In the present study the metals were measured in the whole blood which primarily reflects the actual metal exposure. The limitation in reflecting the body burden prior to the disease will be further discussed in a manuscript particularly focusing on the effects of metals on the risk of breast cancer from the same study population (manuscript is in preparation).
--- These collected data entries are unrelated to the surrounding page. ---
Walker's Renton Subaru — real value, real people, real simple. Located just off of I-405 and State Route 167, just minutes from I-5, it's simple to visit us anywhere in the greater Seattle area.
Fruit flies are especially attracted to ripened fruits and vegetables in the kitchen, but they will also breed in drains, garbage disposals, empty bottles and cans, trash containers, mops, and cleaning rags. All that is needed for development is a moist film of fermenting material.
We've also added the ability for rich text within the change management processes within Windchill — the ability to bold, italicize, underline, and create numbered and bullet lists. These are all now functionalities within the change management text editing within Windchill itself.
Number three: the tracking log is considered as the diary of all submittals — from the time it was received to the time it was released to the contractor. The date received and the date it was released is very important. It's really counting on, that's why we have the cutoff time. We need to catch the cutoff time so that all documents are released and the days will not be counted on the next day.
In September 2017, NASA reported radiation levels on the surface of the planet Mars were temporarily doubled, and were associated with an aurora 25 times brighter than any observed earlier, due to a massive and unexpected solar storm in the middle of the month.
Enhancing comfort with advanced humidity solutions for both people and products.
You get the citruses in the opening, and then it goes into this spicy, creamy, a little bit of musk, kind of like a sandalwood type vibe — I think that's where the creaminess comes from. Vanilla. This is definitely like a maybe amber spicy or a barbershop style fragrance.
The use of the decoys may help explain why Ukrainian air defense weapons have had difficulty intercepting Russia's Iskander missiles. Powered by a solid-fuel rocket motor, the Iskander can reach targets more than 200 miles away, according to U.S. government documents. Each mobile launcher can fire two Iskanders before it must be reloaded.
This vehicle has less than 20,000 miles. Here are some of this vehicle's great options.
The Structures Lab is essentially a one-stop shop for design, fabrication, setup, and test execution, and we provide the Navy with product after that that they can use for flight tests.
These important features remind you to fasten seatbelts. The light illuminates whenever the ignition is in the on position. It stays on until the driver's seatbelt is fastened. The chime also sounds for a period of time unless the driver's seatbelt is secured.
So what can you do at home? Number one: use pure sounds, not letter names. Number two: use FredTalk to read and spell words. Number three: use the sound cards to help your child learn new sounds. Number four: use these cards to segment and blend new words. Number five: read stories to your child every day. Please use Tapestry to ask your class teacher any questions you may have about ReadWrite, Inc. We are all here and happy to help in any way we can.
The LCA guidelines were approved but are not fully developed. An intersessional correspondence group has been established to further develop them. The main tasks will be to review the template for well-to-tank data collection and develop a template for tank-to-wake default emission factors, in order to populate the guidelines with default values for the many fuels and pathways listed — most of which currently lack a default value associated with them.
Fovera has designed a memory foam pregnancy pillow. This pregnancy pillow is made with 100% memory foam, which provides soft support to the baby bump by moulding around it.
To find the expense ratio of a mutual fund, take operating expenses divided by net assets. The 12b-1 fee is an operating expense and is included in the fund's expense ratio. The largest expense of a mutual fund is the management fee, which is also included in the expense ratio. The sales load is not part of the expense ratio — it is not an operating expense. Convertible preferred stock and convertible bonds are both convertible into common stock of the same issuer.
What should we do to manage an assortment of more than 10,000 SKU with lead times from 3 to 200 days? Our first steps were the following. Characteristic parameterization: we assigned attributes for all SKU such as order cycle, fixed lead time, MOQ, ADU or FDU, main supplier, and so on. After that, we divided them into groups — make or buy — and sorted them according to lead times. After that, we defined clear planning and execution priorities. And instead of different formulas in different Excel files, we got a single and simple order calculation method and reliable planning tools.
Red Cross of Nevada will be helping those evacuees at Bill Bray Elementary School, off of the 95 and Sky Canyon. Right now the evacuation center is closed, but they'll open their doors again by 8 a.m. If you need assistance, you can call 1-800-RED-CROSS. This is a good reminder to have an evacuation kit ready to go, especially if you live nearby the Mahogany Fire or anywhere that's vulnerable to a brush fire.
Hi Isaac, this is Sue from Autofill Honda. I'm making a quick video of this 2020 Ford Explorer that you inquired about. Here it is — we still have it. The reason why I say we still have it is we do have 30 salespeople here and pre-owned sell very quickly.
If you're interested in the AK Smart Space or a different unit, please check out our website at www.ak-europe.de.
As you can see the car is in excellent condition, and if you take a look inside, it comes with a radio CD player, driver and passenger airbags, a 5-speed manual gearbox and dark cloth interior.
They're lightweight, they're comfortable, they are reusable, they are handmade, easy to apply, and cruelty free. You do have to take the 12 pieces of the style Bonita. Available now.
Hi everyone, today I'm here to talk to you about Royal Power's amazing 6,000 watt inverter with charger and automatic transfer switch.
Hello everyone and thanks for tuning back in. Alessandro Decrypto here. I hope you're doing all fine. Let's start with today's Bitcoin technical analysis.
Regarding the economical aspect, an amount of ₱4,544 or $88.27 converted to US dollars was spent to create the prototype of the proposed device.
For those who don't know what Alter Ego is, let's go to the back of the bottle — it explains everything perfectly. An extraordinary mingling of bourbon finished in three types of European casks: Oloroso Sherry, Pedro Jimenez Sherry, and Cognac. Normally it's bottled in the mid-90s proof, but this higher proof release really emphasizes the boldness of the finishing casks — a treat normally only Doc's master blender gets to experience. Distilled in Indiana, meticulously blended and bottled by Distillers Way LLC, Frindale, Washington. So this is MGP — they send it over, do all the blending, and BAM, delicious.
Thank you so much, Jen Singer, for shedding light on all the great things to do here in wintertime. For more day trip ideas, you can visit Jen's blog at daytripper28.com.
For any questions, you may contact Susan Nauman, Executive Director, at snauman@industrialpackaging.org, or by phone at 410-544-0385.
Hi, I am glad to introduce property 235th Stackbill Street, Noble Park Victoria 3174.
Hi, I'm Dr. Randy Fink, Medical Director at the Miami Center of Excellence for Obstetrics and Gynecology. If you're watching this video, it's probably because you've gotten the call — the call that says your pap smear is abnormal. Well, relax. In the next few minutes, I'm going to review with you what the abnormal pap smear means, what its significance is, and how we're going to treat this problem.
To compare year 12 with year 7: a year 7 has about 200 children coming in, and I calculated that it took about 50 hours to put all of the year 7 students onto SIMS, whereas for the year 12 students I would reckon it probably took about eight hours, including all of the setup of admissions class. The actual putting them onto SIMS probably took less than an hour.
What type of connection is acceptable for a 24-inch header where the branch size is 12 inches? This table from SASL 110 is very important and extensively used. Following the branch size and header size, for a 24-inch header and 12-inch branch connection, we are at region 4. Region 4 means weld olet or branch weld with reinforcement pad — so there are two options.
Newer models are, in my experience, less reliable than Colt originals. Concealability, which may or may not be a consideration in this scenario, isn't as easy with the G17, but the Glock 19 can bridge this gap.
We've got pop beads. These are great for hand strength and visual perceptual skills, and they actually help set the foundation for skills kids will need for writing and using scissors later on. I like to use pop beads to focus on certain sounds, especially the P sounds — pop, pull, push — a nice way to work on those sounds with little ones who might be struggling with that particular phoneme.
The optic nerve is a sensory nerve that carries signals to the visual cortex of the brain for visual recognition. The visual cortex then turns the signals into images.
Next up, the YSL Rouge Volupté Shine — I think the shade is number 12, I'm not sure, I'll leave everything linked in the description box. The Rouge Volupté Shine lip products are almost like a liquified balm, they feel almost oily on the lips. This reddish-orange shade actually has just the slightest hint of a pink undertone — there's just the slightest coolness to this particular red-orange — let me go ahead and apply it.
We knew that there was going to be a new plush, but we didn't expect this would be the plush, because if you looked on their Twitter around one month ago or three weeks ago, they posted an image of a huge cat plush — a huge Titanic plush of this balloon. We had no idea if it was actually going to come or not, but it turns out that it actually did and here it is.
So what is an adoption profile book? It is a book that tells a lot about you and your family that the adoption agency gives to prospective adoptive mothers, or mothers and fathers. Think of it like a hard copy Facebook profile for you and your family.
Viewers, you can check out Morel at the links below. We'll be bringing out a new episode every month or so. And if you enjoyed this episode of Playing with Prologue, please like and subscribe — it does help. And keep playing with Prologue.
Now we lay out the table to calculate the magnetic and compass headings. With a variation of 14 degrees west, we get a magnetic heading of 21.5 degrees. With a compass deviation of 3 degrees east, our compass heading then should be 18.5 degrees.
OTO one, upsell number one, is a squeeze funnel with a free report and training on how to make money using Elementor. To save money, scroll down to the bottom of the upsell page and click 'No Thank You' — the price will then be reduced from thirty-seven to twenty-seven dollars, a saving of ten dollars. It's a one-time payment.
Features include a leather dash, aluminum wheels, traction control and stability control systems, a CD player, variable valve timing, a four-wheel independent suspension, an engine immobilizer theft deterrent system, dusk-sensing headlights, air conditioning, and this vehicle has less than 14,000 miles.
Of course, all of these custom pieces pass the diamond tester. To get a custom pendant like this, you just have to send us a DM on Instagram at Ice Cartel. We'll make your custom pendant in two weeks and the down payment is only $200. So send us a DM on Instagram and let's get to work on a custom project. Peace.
There are some weaknesses in the presented study. Firstly, the few subjects involved, 31 cases and 115 controls, gives a poor statistically power. However, the highly related serum PFC levels with the risk of BC cancer did persist in all our effort to make up a better case-control frequency match. The number of controls in the West region (especially in Nuuk) was higher than other regions and may have impact on the final results. Therefore we also evaluated the data by reducing the number of Nuuk control subjects by matching the age and BMI with the cases in Nuuk to obtain similar cases/control ratio as for the other regions. Similar data was found between the data presented and upon including the reduced and matched data of Nuuk controls (not shown). However, a trend of higher level of organochlorine pesticides (OCPs) and competitive xenoestrogenic transactivity (XERcomp) for cases was observed being significant by including the reduced and matched data of Nuuk controls, whereas the observed significant difference between cases and controls at the highest PCB quartile and XAR transactivity disappeared probably due to reduced statistical power (data not shown).